1 teaspoon smoked paprika

1 teaspoon garlic powder

3/4 teaspoon salt, divided

1/4 teaspoon black pepper

8 boneless skinless chicken thighs, about 1 1/2 pounds

1/2 peeled, cored pineapple, cut into 1/4-inch dice

1/2 red bell pepper, finely chopped

1/4 cup fresh mint, chopped

3 tablespoons finely chopped red onion

1 tablespoon cider vinegar

2 teaspoons brown sugar

1. Prepare the grill for direct- heat cooking over high heat, 450 to 550 degrees.

2. Combine the paprika, garlic powder, 1/2 teaspoon of the salt and pepper in a small bowl. Sprinkle the mixture over the chicken thighs.

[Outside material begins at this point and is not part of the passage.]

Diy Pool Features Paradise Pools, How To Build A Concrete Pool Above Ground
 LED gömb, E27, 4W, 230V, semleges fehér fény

3. Place the chicken on the grill rack directly over the heat source. Close the lid and grill, turning once, until an instant-read thermometer inserted horizontally into the thickest part of the chicken registers 170 degrees, 8 to 10 minutes.

4. Meanwhile, combine the pineapple, bell pepper, mint, onion, vinegar, sugar and remaining 1/4 teaspoon salt in a bowl. Serve over chicken. Makes 4 servings.

Nutritional analysis for each serving: 290 calories, 30 g protein, 20 g carbohydrates, 3 g fiber, 10 g fat, 3 g saturated fat, 566 mg sodium

TIP: From indulgent (ribs) to healthful (chicken), there’s a simple grill recipe for every kind of Dad.